Mese intenso, natalizio, decisamente diverso. 

Non per sempre che spunta fuori all’improvviso, come il beccuccio di un pulcino da un uovo, e cerca di dire qualcosa. Qualcosa di semplice. Un timore, una speranza, un futuro, una decisa e svuotata sofferenza.

E un Natale che non sentivo più, e che quest’anno invece è qui. E si fa vivere con dolcezza, inaspettata dolcezza. E penso ai Natali che il mondo ha vissuto senza di me, mi vien da ridere. Dov’ero?

Il faro che ci vorrebbe. – Salina (Li – Isole Eolie)

E poi neve. Quest’anno sì, fin dentro le scarpe, fin sopra il cuore, forse. Neve necessaria, isolante, più bianca di quanto la mia memoria sapesse ricordarla. Neve che si posa, e se ne va dopo qualche giorno, e non lava soltanto, come la pioggia, ma depura, sbianca, deterge.

E bisogno di capire perché certe fili non li tengo più per le mani. E certe persone non le tengo più dentro me. E perché certi sogni li ho nascosti per fingermi di non averli mai sognati prima. Finché non sono tornato a sognarli e mi sono svegliato con la rabbia impotente di chi sa che l’alba succede sempre e solo dopo una notte.

E ho bisogno soprattutto di capire perché chi se ne va ha quest’energia incredibile, questa proprietà inspiegabile di provocare nostalgia. E chi resta mai. E perché, maledizione, io resto sempre. Perché mi ostino a resistere, a voler dare a ogni cosa una forma, una dimensione, uno spazio.

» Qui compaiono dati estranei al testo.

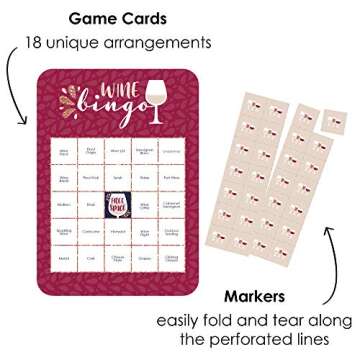 Big Dot of Happiness But First, Wine - Bingo Cards and Markers - Wine Tasting Party Bingo Game - Set...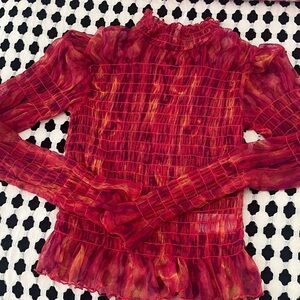 Free People Vibrant Red Sheer Blouse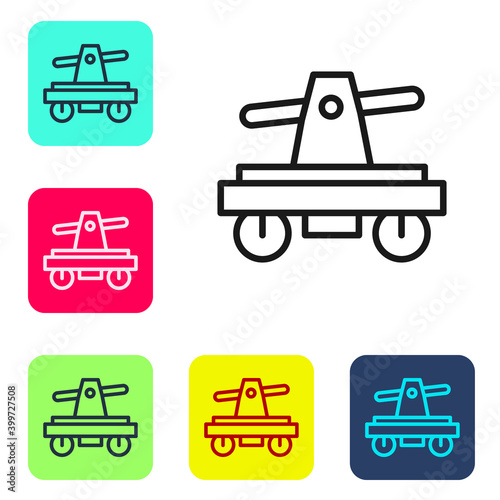 Black line Draisine handcar railway bicycle transport icon isolated on white background. Set icons in color square buttons. Vector. photo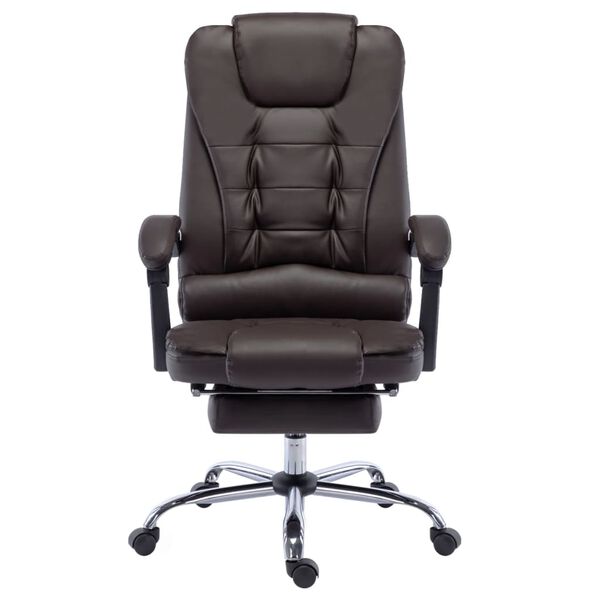 vidaXL Cadeira de escrit&oacute;rio em couro artificial castanho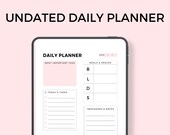 UNDATED PINK Daily Planner, Daily Planner Digital Download, Daily Planner Printable, INSTANT Download for iPad, Goodnotes, Annotative Apps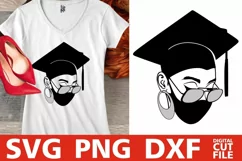Woman In Graduation Hat svg, Mask svg, Graduate svg, School Product Image 1
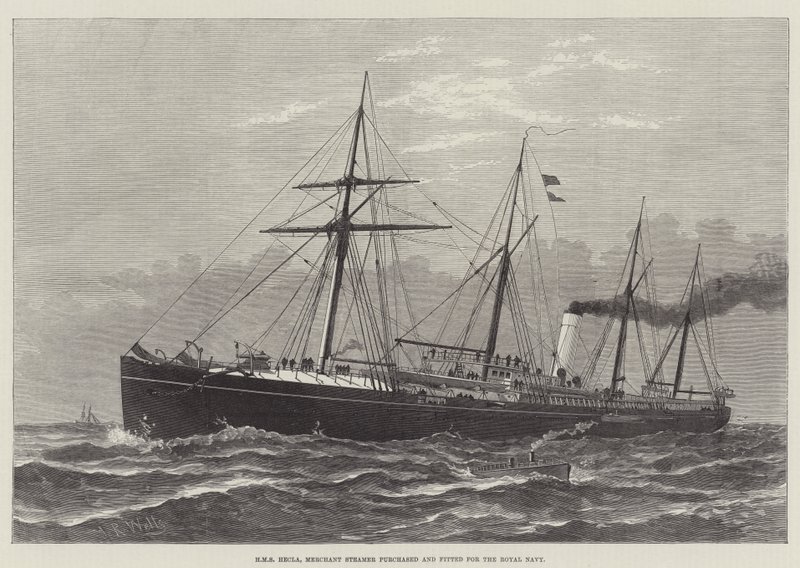 HMS Hecla, Vapor Mercante comprado y equipado para la Marina Real (grabado) de English School
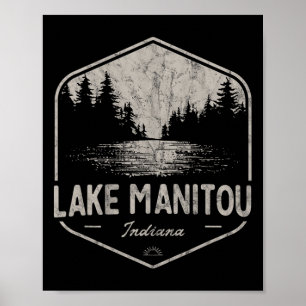 Lake Manitou Indiana Utomhus Vintage Poster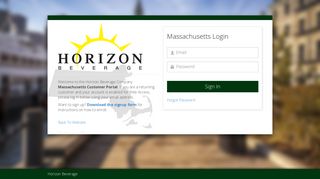 Horizon Beverage Customer Login Portal | Massachusetts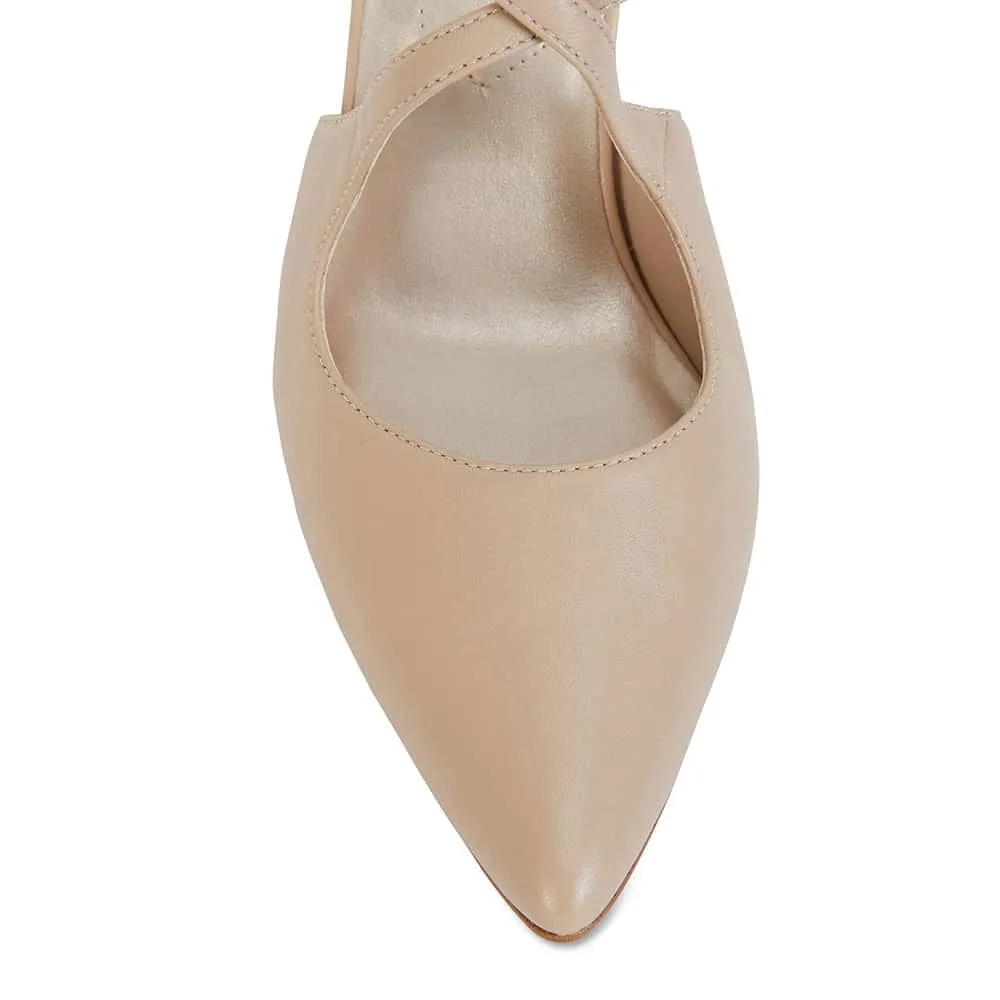 Merit Heel in Nude Leather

Qualcuno sta leggendo Non per sempre. La promozione è abbastanza immobile ancora. Non lo sto facendo girare molto. Vorrei camminasse da sé. Vorrei che le parole avessero i denti, le unghie, i pugni. E sapessero farsi largo, ricavarsi spazio, scavare.

Le prime risposte, le prime sensazioni, il sentore che smuove tutto quanto a riproporsi, ancora una volta. Ancora. Le parole di chi legge le parole di chi scrive. E aldilà di ogni giudizio di merito e di valore mi stupisco ancora di come proprio loro, le parole, abbiamo questa incredibile capacità di entrare, fermarsi, restare.

Ecco, le parole restano.

E sento vibrare il coperchio del cuore. Come capita alle pentole colme d’acqua sui fornelli accesi. Solo che sotto al cuore mio non brucia nulla, forse dentro. E il coperchio del mio cuore vibra per questo: perché dentro c’è qualcosa che bolle. E che a volte è veicolato da parole che sanno esprimerlo, a volte meno. Ma quando il matrimonio tra ciò che c’è dentro e le parole con cui esce fuori funziona, allora il cuore smette di bollire per un po’.

E forse è il mio corpo il coperchio del cuore. E le emozioni che avverto attraverso i 5 sensi. E tutto ciò che non so spiegare a me, per primo. E vorrei aver la forza per afferrare una presina di gomma dura, prendere il coperchio e gettarlo via. Permettere al cuore di respirare. E guardarci dentro, finalmente, per capire da dove viene ogni singola sillaba. Ma ho paura. Paura che svanisca la pressione con cui vengono fuori certe gioie, certe trepidazioni, certe inquietudini. Così lo lascio lì, e mi godo piccole ma intense esalazioni a pressione.

È bello pensare tutto questo. Più difficile convivere con la sensazione di essere sempre a un metro da qualcosa, da qualcuno, e mai in sua presenza. Di fronte a eterni traguardi approssimativi.

Mai come adesso avrei necessità di un faro. A indicare la rotta, a evitare gli scogli, a lampeggiare il riparo di un porto. Mai come adesso. Che vado e a volte stento a capire dove. Che arrivo e non so perché, che mi fermo e non so quando.

Un faro semplice, che sa indicare la via anche di giorno però.

E sa aspettarmi, che io ho il vizio di rimanere anche quando è giunto il momento di andare.